事業承継では,後継者が,少なくとも3分の2以上の議決権を確保するよう計画することが望ましいといえます。
株式の分散は,経営権を持たない株主からの不満を募らせ,中小企業の大胆かつ機動的な意思決定に関し,余分なコストを生じさせるからです。また,分散した株式を集中させることは,困難です。分散させないということが基本の考え方です。
なお,「相続」が生じてしまうと,株式は「準共有」といわれ,相続人が全員で共有して持つことになります。その間,過半数をもって,共有者の中で代表者を定めなければ,当該株主権を行使することはできません。家族で対立が生じれば,取締役を追加選任することもままならなくなるため,株式の帰趨は,必ず事前に決めておくことが肝要です。
株式の承継については,生前贈与や売買による方法,死後に移転する遺言等による方法,信託を利用する方法があります。 株式等の承継方法
イ 事業用資産の承継
オーナーの不動産や特許を会社が利用しているという場合もあります。当該資産を後継者が全て引き継ぐ必要はありませんが,会社が利用できる権利・契約を事前に定めておく必要があります。

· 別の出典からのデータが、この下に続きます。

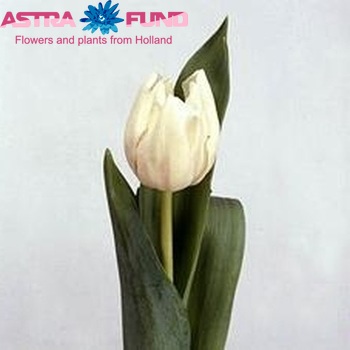 Tulipa Triumf Grp enkel 'White Rhapsody' foto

契約関係が明らかでないと相続人と余計な紛争を招きます。会社とオーナーの契約関係の整理もしておくべき準備です。
ウ オーナー自身・オーナー家族への保障
経営者でなくなって以降,一切報酬も払われない,権限もないとなれば,オーナーの承継意欲が削がれるのは当然です。オーナーやオーナー家族の生活保障について考慮することも円滑な承継には不可欠です。計画時によく検討しなければ,取り戻しができないことにもなりかねません。
④ 後継者教育・環境整備
アンケートの結果によると,「後継者」として自身の理念も含め任せられるようになるには,少なくとも3年が必要とされています。

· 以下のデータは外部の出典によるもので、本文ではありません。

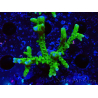 WYSIWYG - BR Green Goblin Anacropora
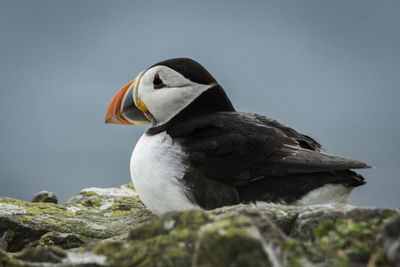 Close-up of bird perching on rock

目に見えない資源の引き継ぎは,時間をかけて,計画的に行う必要があります。拙速にやれば,かえって混乱を招くことにもなりかねません。関係者・従業員の理解を得ながら進めていくことが肝要です。
⑤ 経営権・資産の移譲
ある程度環境整備を整えたあと,実際に後継者に対し,経営権や資産を承継していきます。

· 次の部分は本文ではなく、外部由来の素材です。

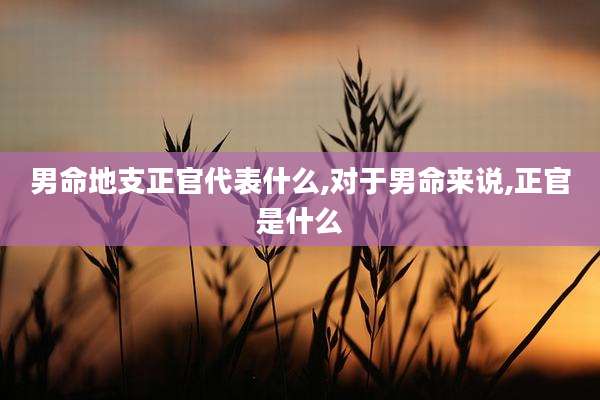 男命地支正官代表什么,对于男命来说,正官是什么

具体的な経営権の承継手法は,株式等の承継方法をご参照ください。それぞれ,一長一短がありますので,自社に合致した対応をとる必要があります。
また,信託を利用して,「指図権者」を利用することで,事実上「議決権」と配当などを受ける「自益権」を分けた株式と同様の効果を作ることもできます。当該機能を利用して,信託した株式の受益権は全て後継者に譲りながら,オーナーは「指図権」として事実上の経営権を確保しておくことができます。これにより,後継者としは,確実に株式の取得が期待できる一方,オーナーとしても権利を有することで,意にそぐわない経営を防ぐことができます。